BACKGROUND OF THE INVENTION
[0002] 1. Field of the Invention
[0003] The present invention relates to a copper alloy conductor (a
trolley wire) for electric train lines, which is formed of a
high-conductivity and high-strength copper alloy material and which
supplies power to electric trains via pantographs, etc., a cable
conductor for equipment used in cables for equipment of each kind,
and an industrial cable conductor used for general industrial
cables (heat-resistant electric wires, cables for robots, cab tire
cables).
[0004] 2. Description of the Related Art
[0005] In copper alloy conductors (trolley wires) for electric
train lines, or in cable conductors for equipment used in cables
for equipment of each kind, there are used high-conductivity hard
copper wires, or abrasion-resistant and heat-resistant copper alloy
materials (copper alloy wires). Copper alloy materials are known
that contain 0.25 to 0.35 wt % of Sn in copper parent materials
(See JP-A-57-140234), and they are used as trolley wires for
Shinkansen lines (or bullet train) and conventional railway lines,
and cable conductors for equipment.
[0006] In recent years, there has been progress in higher-speed
trains. Increasing the train speed requires enhancement in the
tension of overhead wires, so that the tension of overhead wires in
train lines tends to be increased from 1.5 t to 2.0 t or higher.

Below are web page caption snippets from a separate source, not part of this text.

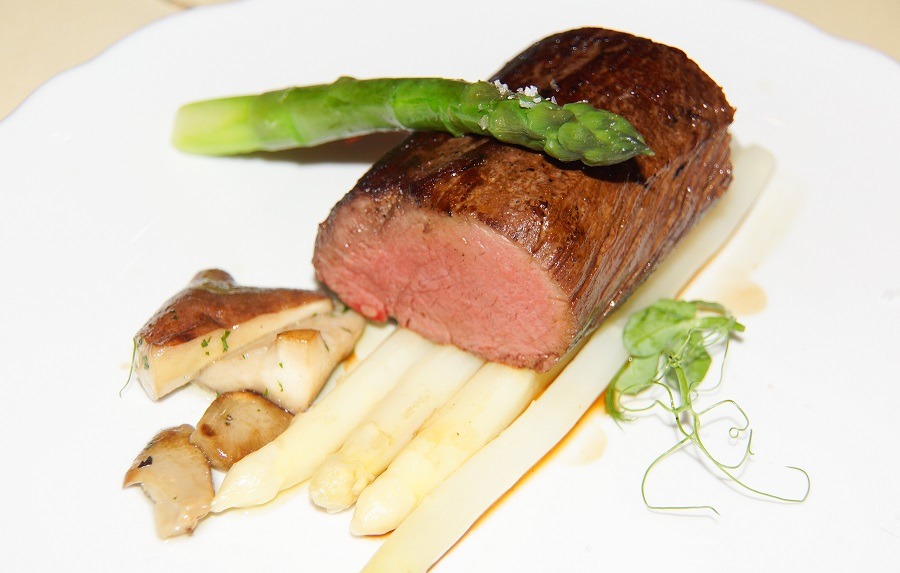 Dry-Aged beef fillet with asparagus and mushrooms - Dry Ager Australia & NZ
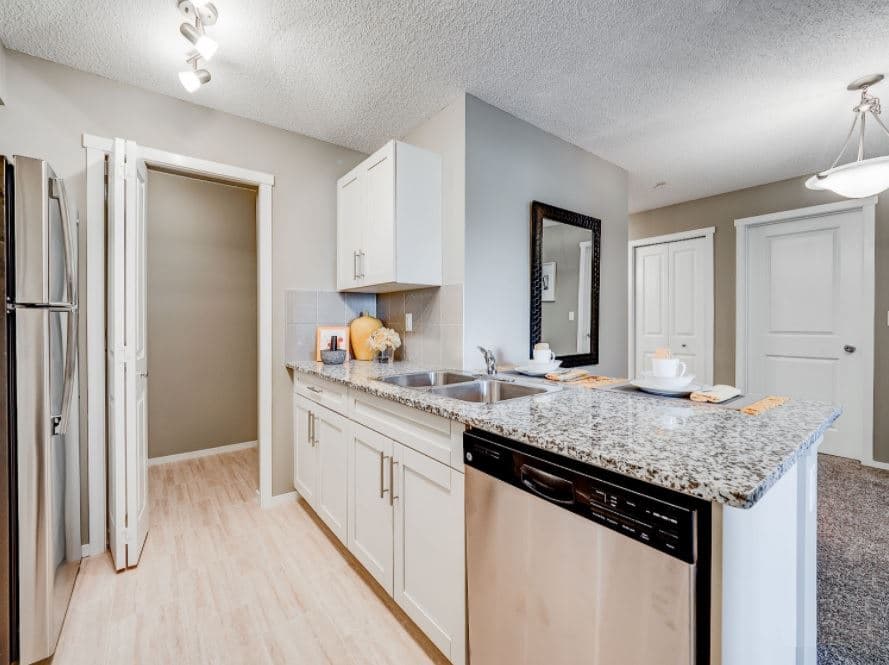 Creekwood Landing Condos - Image 4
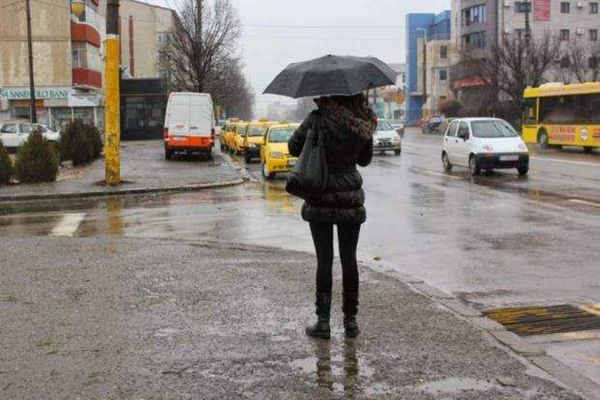 CÂND SCĂPĂM DE PLOI ȘI DE TEMPERATURILE ANORMAL DE SCĂZUTE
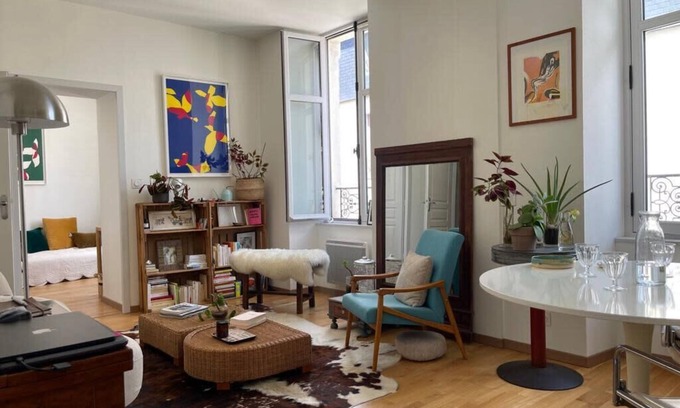 Decre-Cathedrale Apartment | Bright apartment - old renovated building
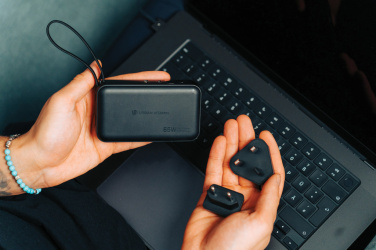 Logotrade reklaamtoote foto: Urban Vitamin Eureka hübriid 10000mah akupank 65W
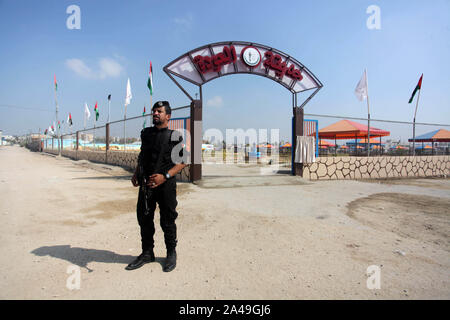 La città di Gaza, Striscia di Gaza, Territori palestinesi. Xiii oct, 2019. Palestinesi partecipare all'apertura del giardino del ritorno alla Israel-Gaza confine a est di Gaza City, il 13 ottobre 2019 Credit: Mahmoud Ajjour APA/images/ZUMA filo/Alamy Live News Foto Stock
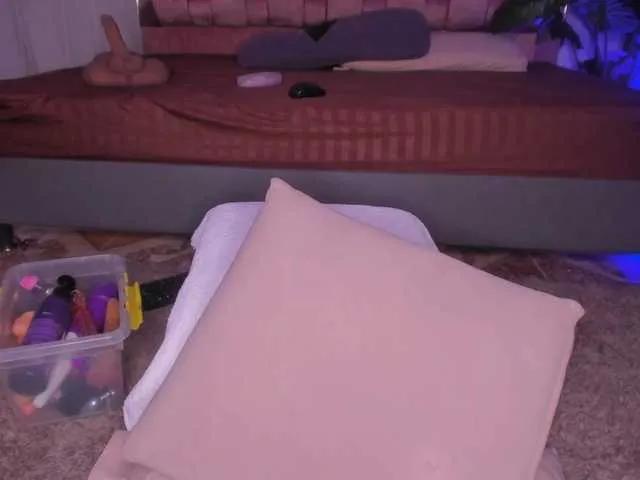 BongaCams Kahia-swt is Freechat Kahia-swt — My body is very sensitive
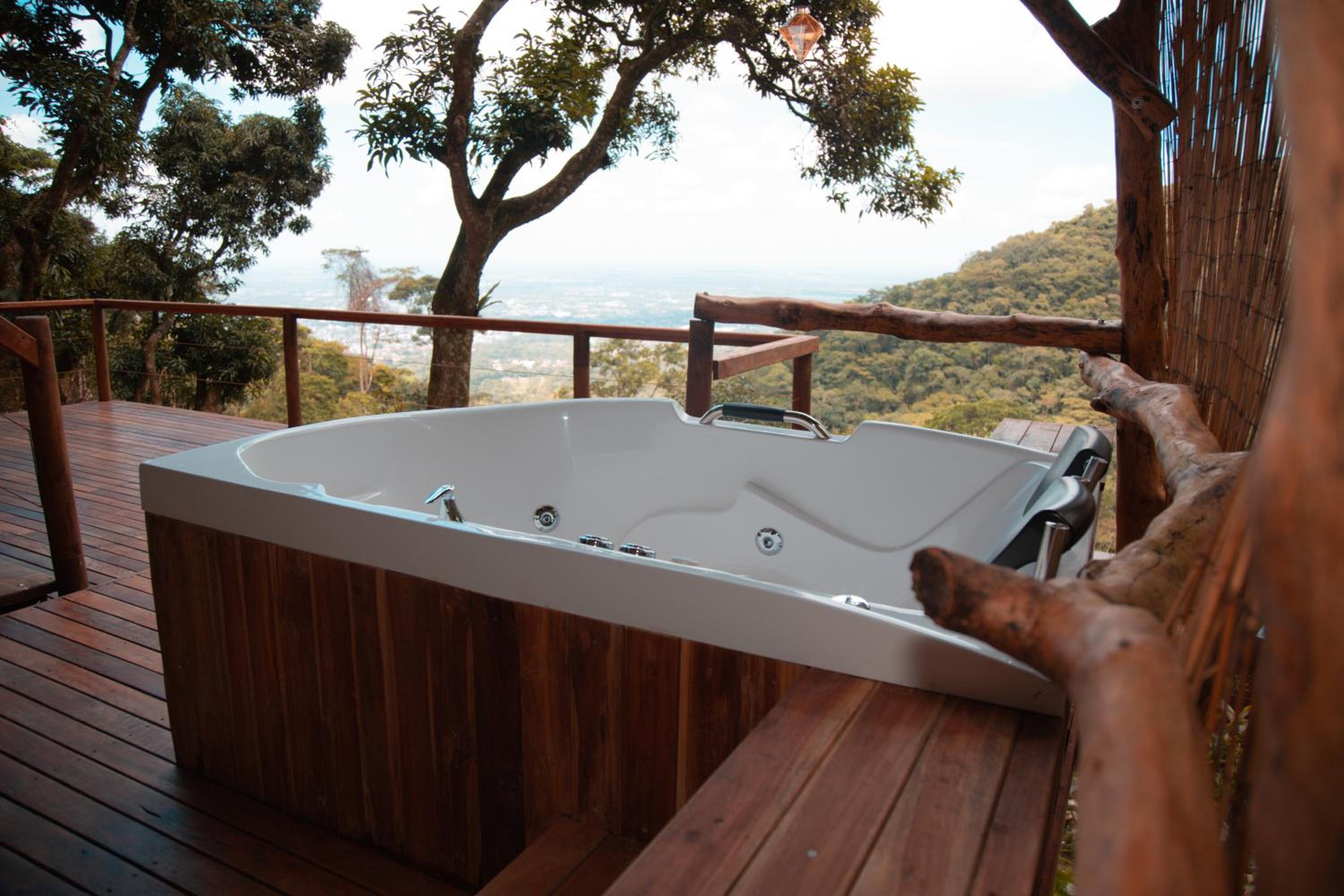 Waira Eco Lodge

Also, in train lines with high passing train density (the number of
passing trains per unit line length), there is a demand for larger
current capacity of trolley wires.
[0007] Also, in cable conductors for equipment, taking account of
use environments, there is a demand for better bend-resistant,
i.e., higher-strength conductors. In cable conductors for
equipment, to meet needs for lighter weight and smaller size, there
is also a demand for higher conductivity.
[0008] Further, in industrial cable conductors, there is also a
demand for conductors that inhibit reductions in conductivity as
much as possible, enhance strength and heat resistance, and has
good bend resistance, taking account of use environments.
[0009] Accordingly, as conductors that meet these demands,
high-strength and high- conductivity copper alloy conductors are
needed.
[0010] As high-strength copper alloy conductors, there are mainly 2
kinds: solid solution-strengthening alloys and
precipitation-strengthening alloys. As solid solution-strengthening
alloys, there are Cu--Ag alloys (high-concentration silver), Cu--Sn
alloys, Cu--Sn--In alloys, Cu--Mg alloys, Cu--Sn--Mg alloys, etc.
Also, as precipitation-strengthening alloys, there are Cu--Zr
alloys, Cu--Cr alloys, Cu--Cr--Zr alloys, etc.
[0011] Any of solid solution-strengthening alloys has an oxygen
content of 10 wt.ppm (=0.001 wt %) or less, and are excellent in
strength and elongation properties, which allows copper alloy wire
rods that serve as parent materials of trolley wires to be made
directly from melted copper alloys by continuous casting and
rolling.
[0012] As a fabrication method of conventional trolley wires using
solid solution-strengthening alloys, a copper-alloy cast material
containing 0.4 to 0.7 wt % of Sn, for example, is hot-rolled at
temperatures of 700.degree. C. or more. This rolled material is
again heated at temperatures of 500.degree. C. or less, followed by
finishing rolling to form a wire rod, from which the wire is drawn
to make a trolley wire (See JP-A-6-240426).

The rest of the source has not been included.